We joined U.N. efforts in Bosnia, a successful purge of genocidal maniacs, and perhaps that is the poster-war for global intervention. Now, we face our military commitment, engendering legal challenges to the President’s ability to wage such combat efforts, in another war against repression, this time in support of rebels against a brutal dictator in Libya. Somehow, we missed intervening in the slaughter being conducted against its own citizens by Syrian forces. We also missed another military expedition – against nuclear-powered Iran – that was seriously contemplated in the last two years of the Bush-Cheney administration… because Robert Gates was very much a part of the faction of cabinet officers that opposed such adventurism. “ ‘[Robert Gates will] be remembered for making us aware of the danger of over-reliance on military intervention as an instrument of American foreign policy,’ said former Senator David L. Boren, who, during his tenure as chairman of the Senate Intelligence Committee, developed a rapport with Mr. Gates when he was director of central intelligence in the early 1990s.” NY Times. For the most part, our attempts at playing global cop have alienated more people than those who would stand and admire us.

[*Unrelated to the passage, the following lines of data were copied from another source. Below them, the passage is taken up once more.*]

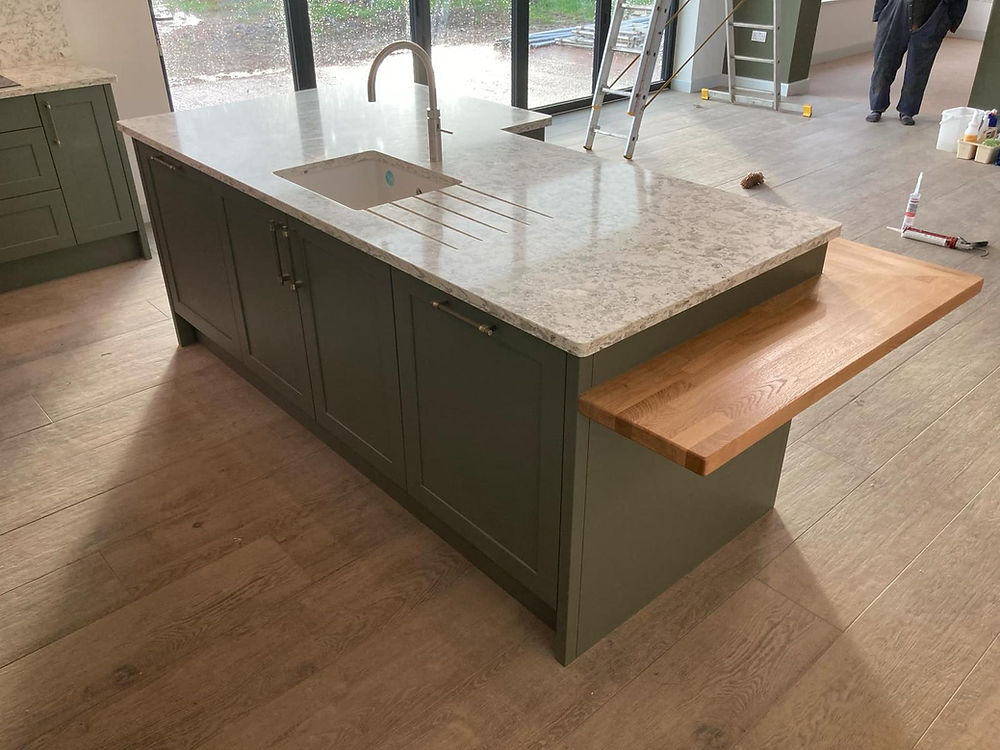 Modern kitchen island featuring granite and wood worktops.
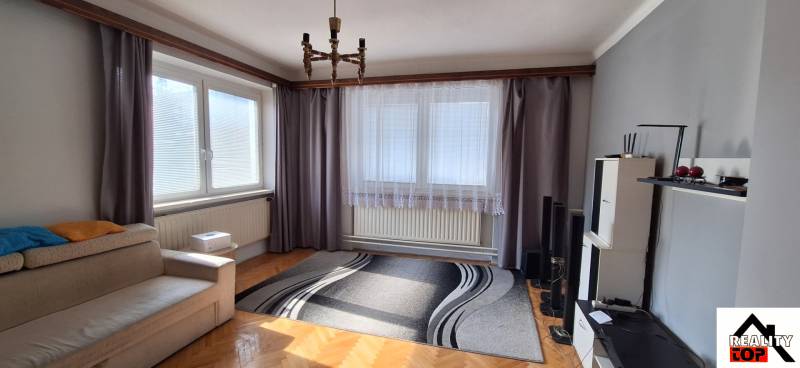 Living room with wood-patterned flooring, a sofa, and gray curtains in a family house.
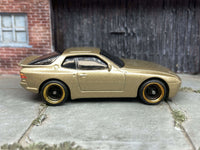 Gold 1989 Porsche 944 Turbo custom Hot Wheels with black and gold wheels, view 3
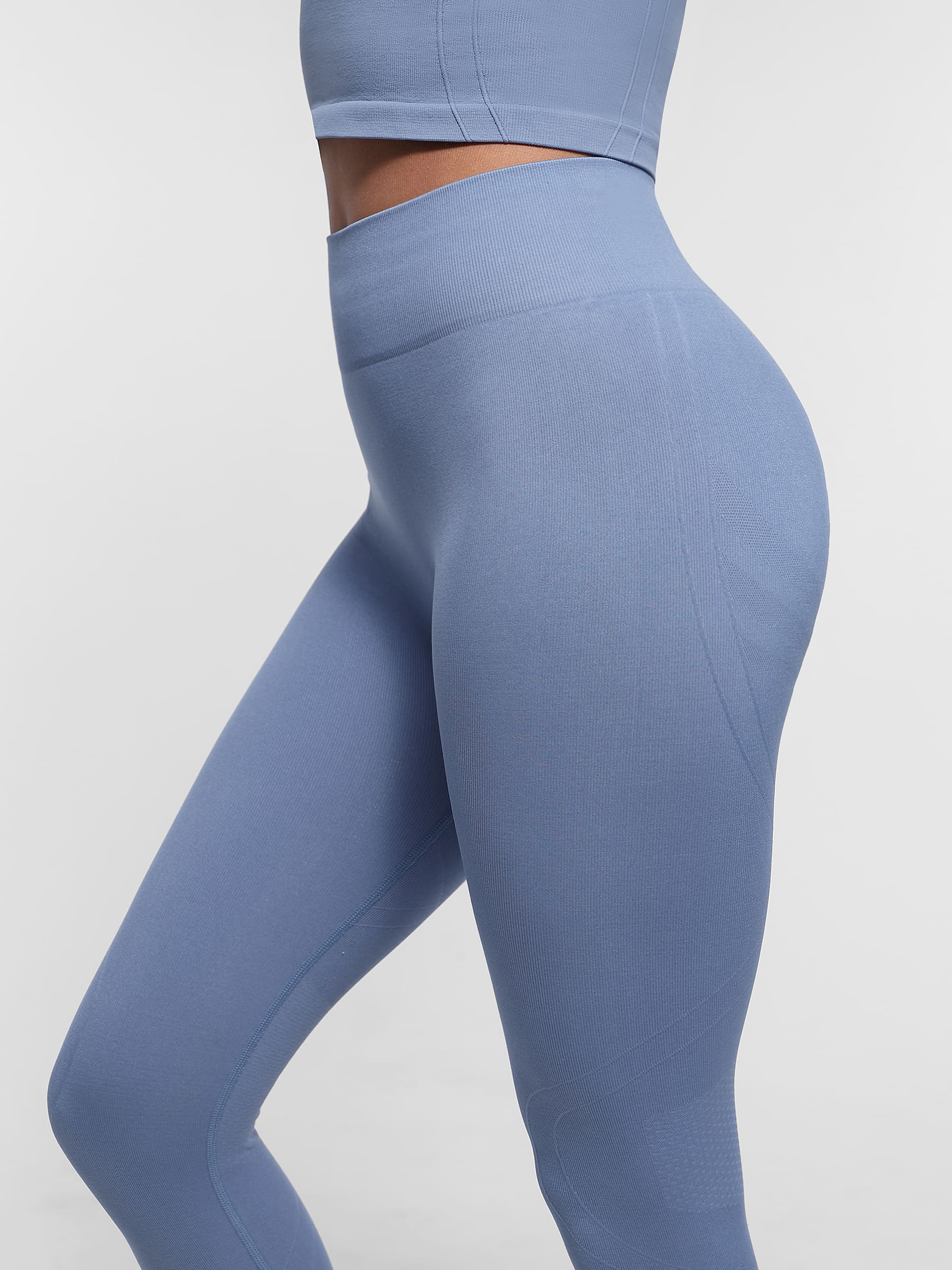 Lya wears Seamless High Waist Yoga Leggings for Women with Double Layer Waistband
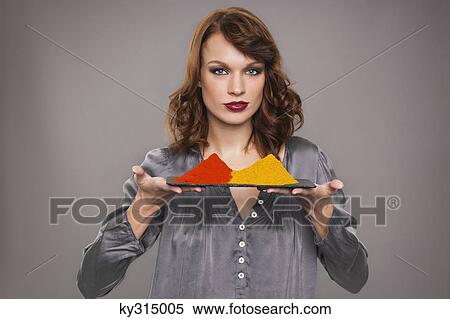 Young woman holding spices View Large Photo Image Stock Photography - Young woman holding spices. Fotosearch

There is no way for the United States to withdraw completely from military efforts outside our borders. Our minor remaining presence in South Korea, for example, does serve as a deterrent to the idiotic dictatorship to the north, and South Korea is a vital economic link to the U.S. We also have treaties that we have signed, which includes our pledge to protect Israel. But it would seem that reliance on U.S. forces as the mainstay of “moral intervention” in internal disputes in which we are not attacked (or are in imminent and real danger of attack) is no longer tenable. We can no longer afford to be the single major player in such efforts, instead relying on a vastly more balanced participation in U.N.-sanctioned (perhaps N.A.T.O.-sanctioned, but this must be viewed with increasing skepticism) peace-keeping, primarily targeting genocide-prevention or the destruction of resources that are absolutely vital to our future. We must learn this lesson, because we cannot survive another kick up of deficit-growing military intervention unless we truly can justify “why.” We literally could spend ourselves into self-destruction.

I’m Peter Dekom, and I truly wish more political decision-makers were well-schooled in the clear and obvious lessons of history.